Captioned web images

========

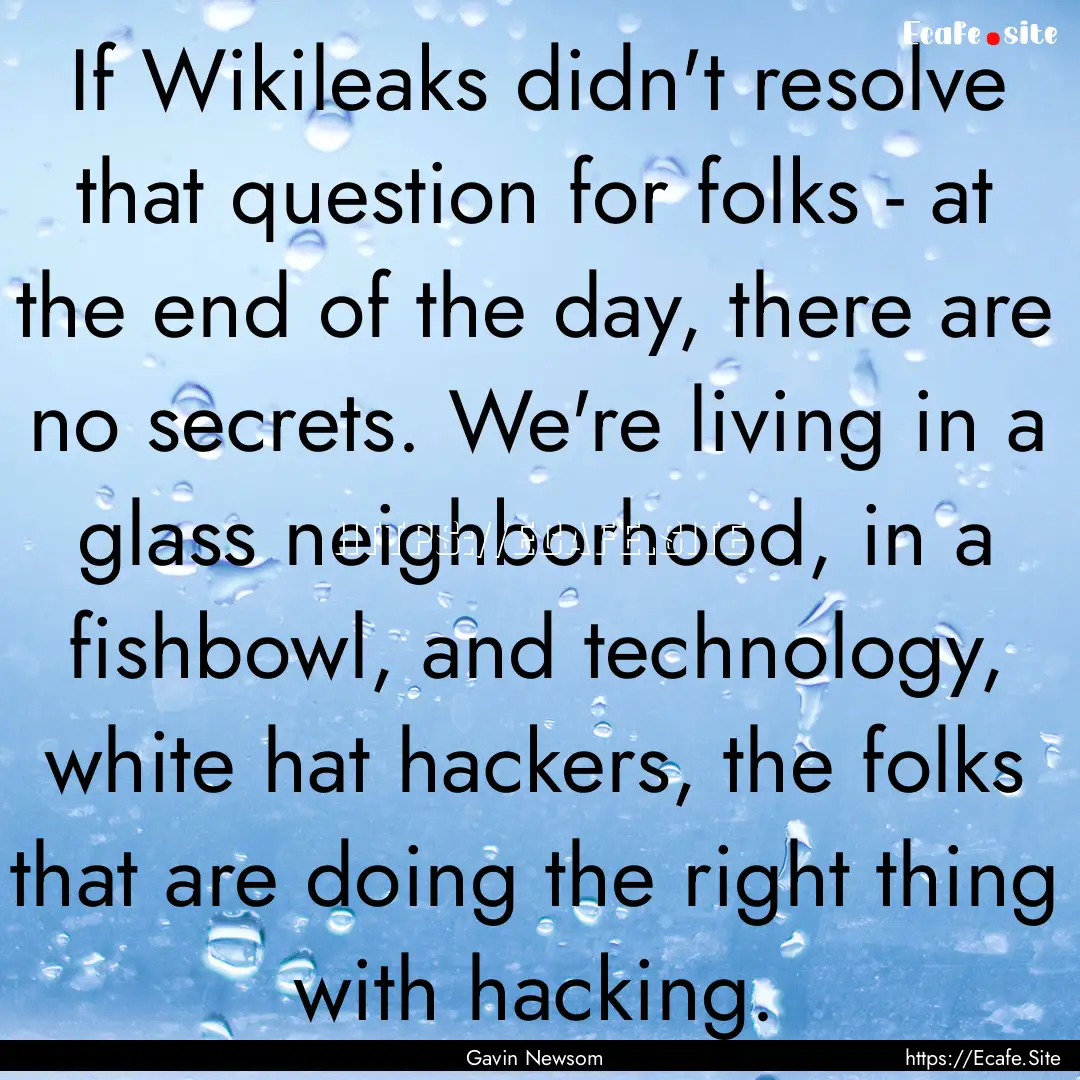 If Wikileaks didn't resolve that question.... : Quote by Gavin Newsom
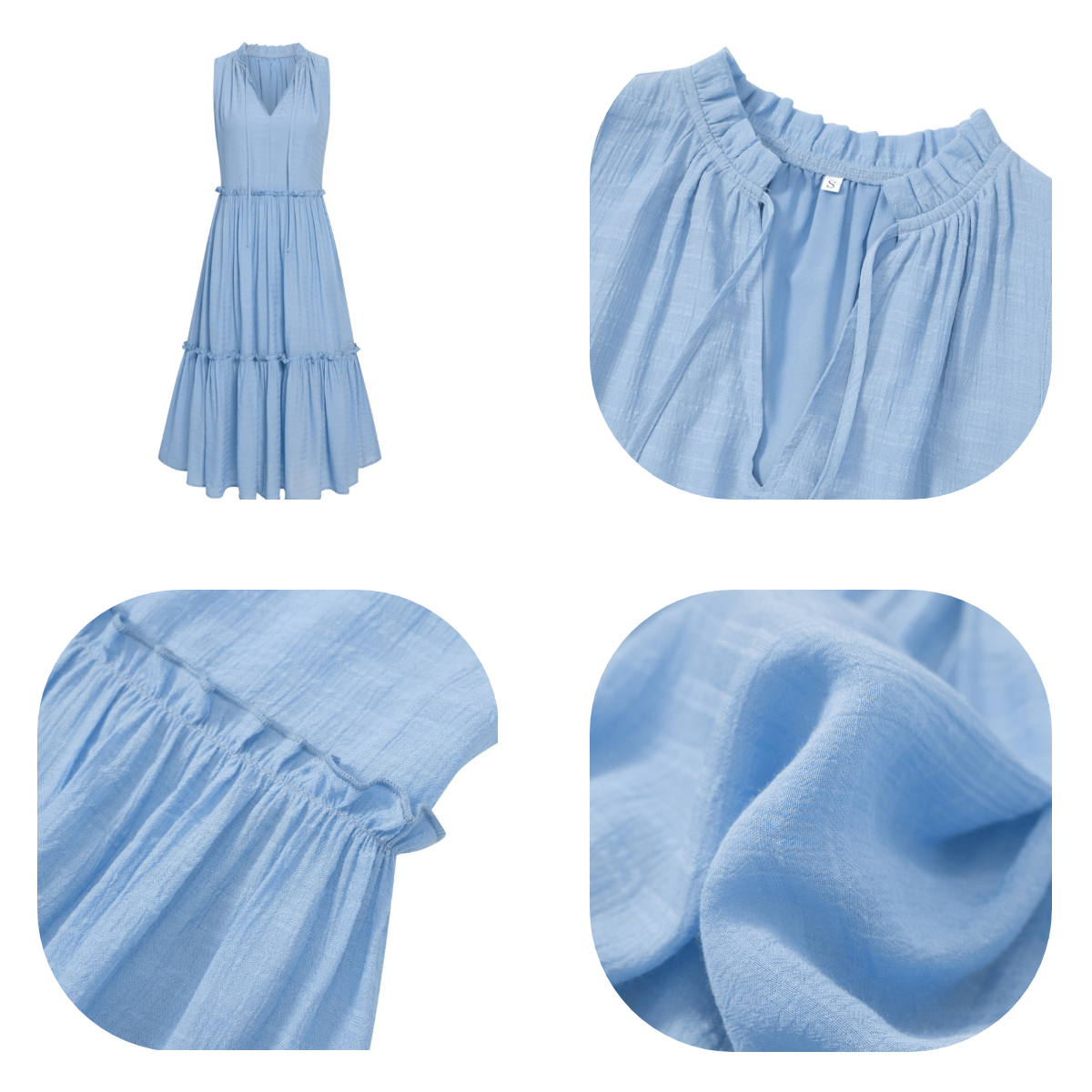 Blue Hoco Dresses Sleeveless Midi Summer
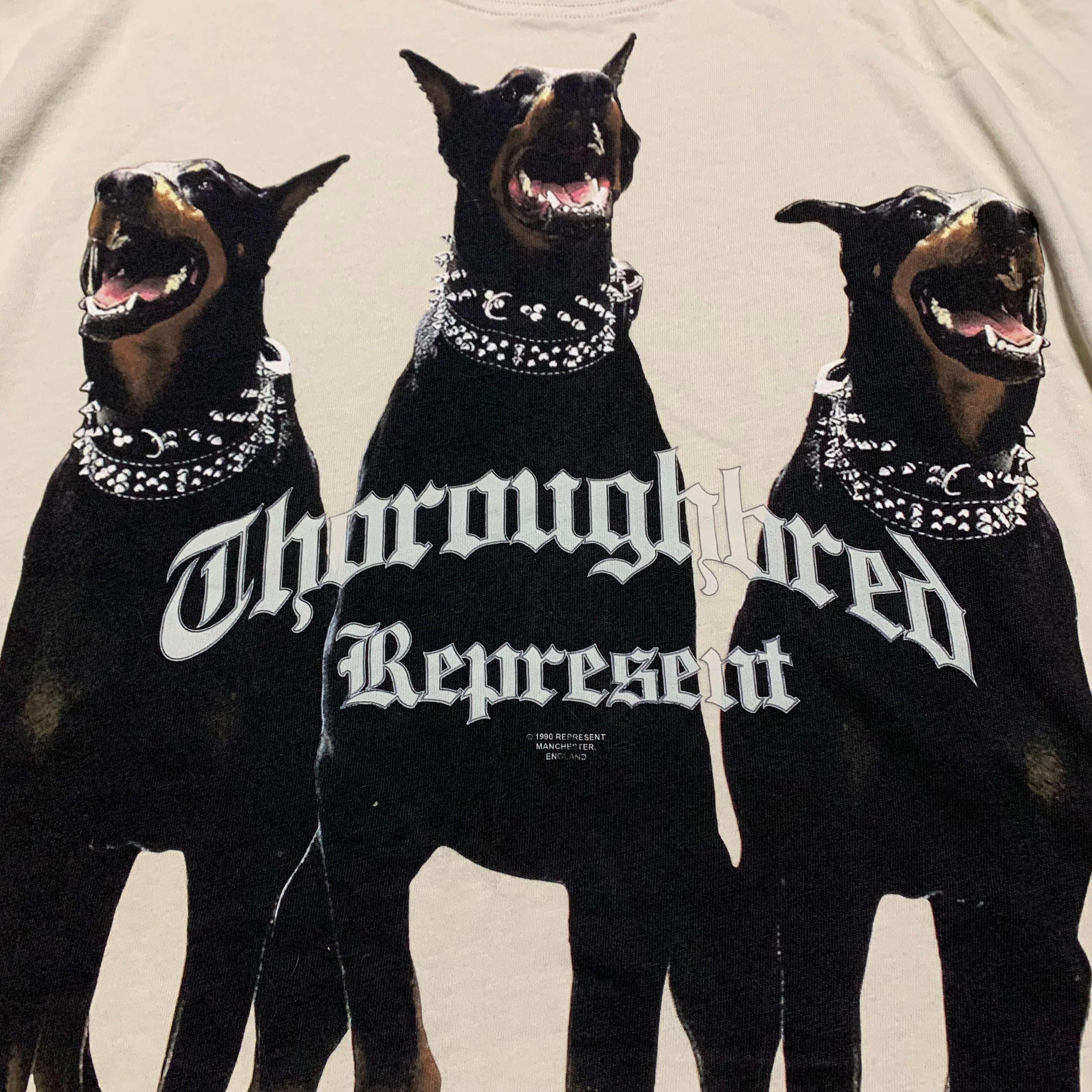 Represent Medium Thoroughbred Dog Vintage White Tee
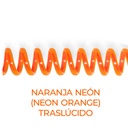 Espiral de encuadernación fabricado en plástico naranja neón traslúcido de 12 mm. de diámetro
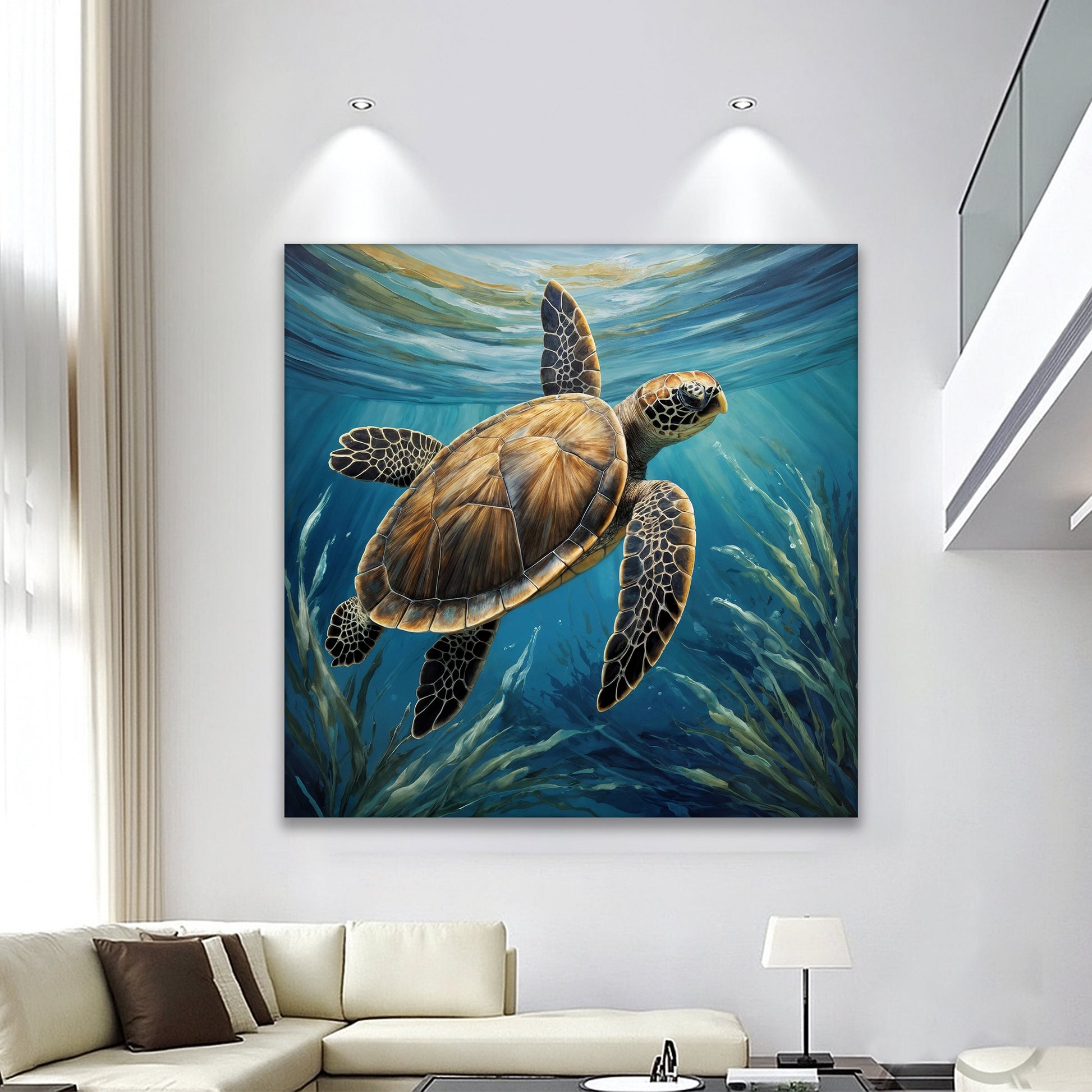 Turtle in seagrass coastal canvas wall art - sea turtle ocean decor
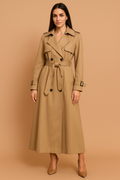Long Double-Breasted Trench Coat with Belt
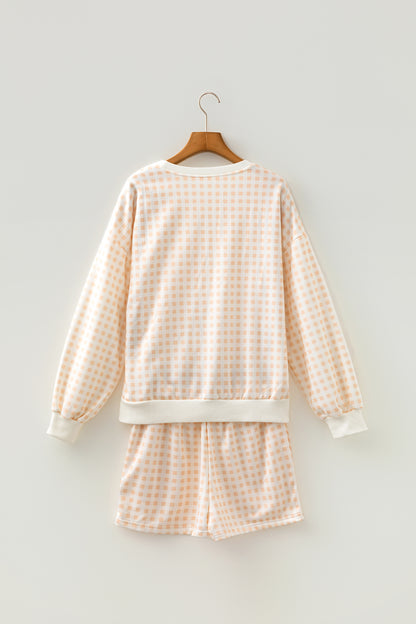 Gingham Plaid Baggy Pullover and Drawstring Shorts Set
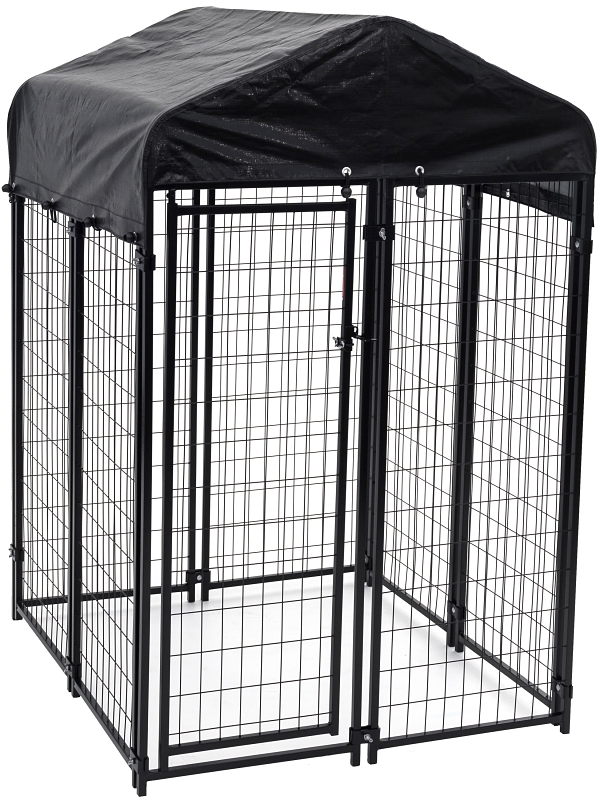 Lucky Dog CL 60544 Kennel, 4 ft OAL, 4 ft OAW, 6 ft OAH, Steel, Powder-Coated, Black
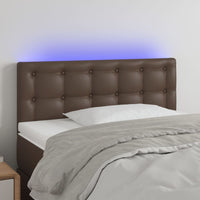 Thumbnail for LED Kopfteil Braun 100x5x78/88 cm Kunstleder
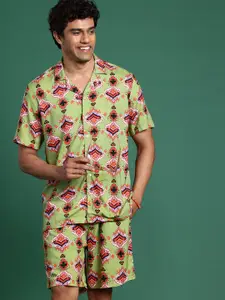 Sangria Men Printed Shirt with Shorts Co-Ords Set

========

**YOUR ASSIGNMENT**
Repeat exactly the line containing "Gingham Plaid Baggy" and every line after it through the end of the records, and nothing else. Leave the pictures out.

**RESULT OF THE TASK**
 Gingham Plaid Baggy Pullover and Drawstring Shorts Set
 Lucky Dog CL 60544 Kennel, 4 ft OAL, 4 ft OAW, 6 ft OAH, Steel, Powder-Coated, Black
 Thumbnail for LED Kopfteil Braun 100x5x78/88 cm Kunstleder
 Sangria Men Printed Shirt with Shorts Co-Ords Set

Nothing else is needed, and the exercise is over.